USD/TRY is posting small gains so far this Friday, extending the bullish momentum into the fourth straight trading day.
Bulls look to recover ground above the 14.00 level, in the face of the ongoing descent in the Turkish lira. The beleaguered currency has lost almost 22% in the last nine trading sessions, with the latest decline attributed to the comments from the country’s Finance Minister Nureddin Nebati.
Nebati said that the government would now prioritize the fight against high inflation but added that it had abandoned "orthodox policies" and was charting its own course.
Meanwhile, concerns over Turkey’s soaring inflation also weigh on the lira. Simone Kaslowski, chairman of Turkey's leading TUSIAD business association, said earlier this week that the leap in annual inflation to 36.1% clearly showed the need to reconsider the policy steps Turkey has taken, per Business Recorder.
On the other side, the recent strength in the US dollar and the Treasury yields on the hawkish Fed’s outlook has also helped the upside momentum in the currency pair.

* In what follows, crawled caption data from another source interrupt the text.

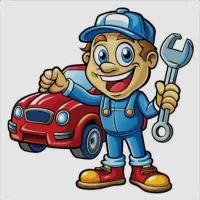 امدادخودرو.برقکارسیار.تنظیم موتور.دیاگ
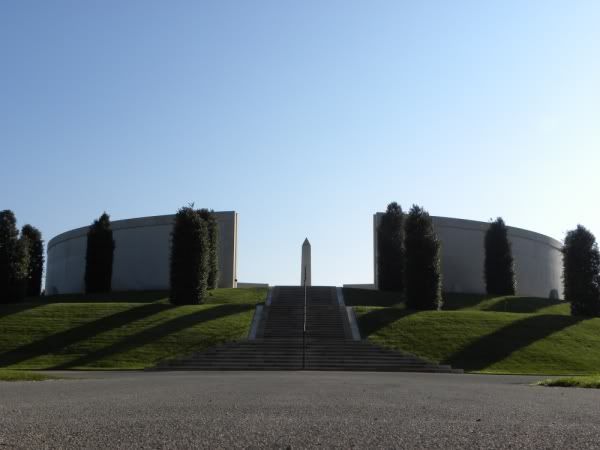 28thSeptember2011Wednesday108.jpg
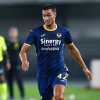 Immagine news Calciomercato n.4
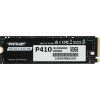 P410 500G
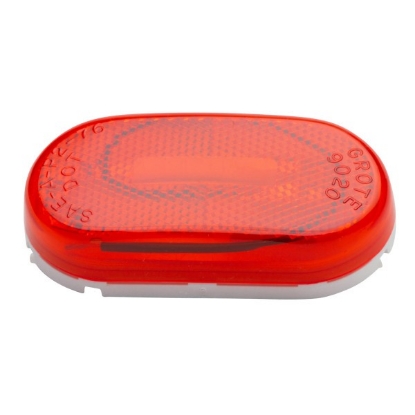 Picture of 467125 Grote Industries Clearance Light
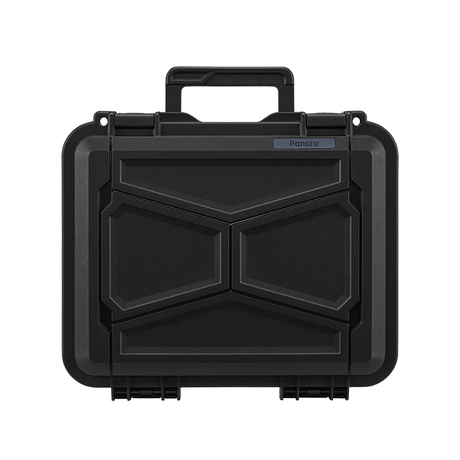 Panaro EKO 30DS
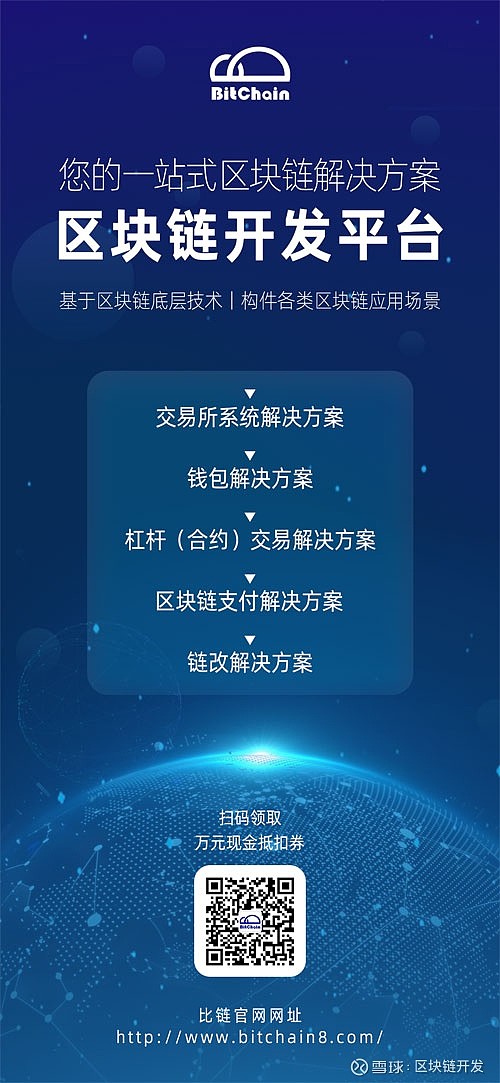 钱包是啥_TP钱包全称_钱包简称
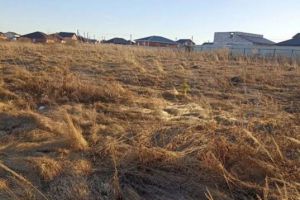 Продам земельный участок, на улице Горная ул, г. Красное поле, Челябинская обл., Россия, агентство Акрземли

Attention now turns towards the US Nonfarm Payrolls for fresh trading impetus, with a robust report likely to bolster the pair’s upsurge while throwing lira under the bus.
Looking at USD/TRY’s technical chart, the pair is yearning to find acceptance above the 14.00 supply zone, having found a strong foothold above the previous resistance of the 21-Daily Moving Average (DMA), now at 13.33.
If the 14.00 mark is regained convincingly, then buyers will look up to the December 21 high of 14.14.
The 14-day Relative Strength Index (RSI) is trading firmer above the midline, allowing more room for the upside.
Meanwhile, a sustained break below the 21-DMA will knock the rates down towards the January 3 low of 12.75.
The next strong support is seen at the bullish 50-DMA of 12.27.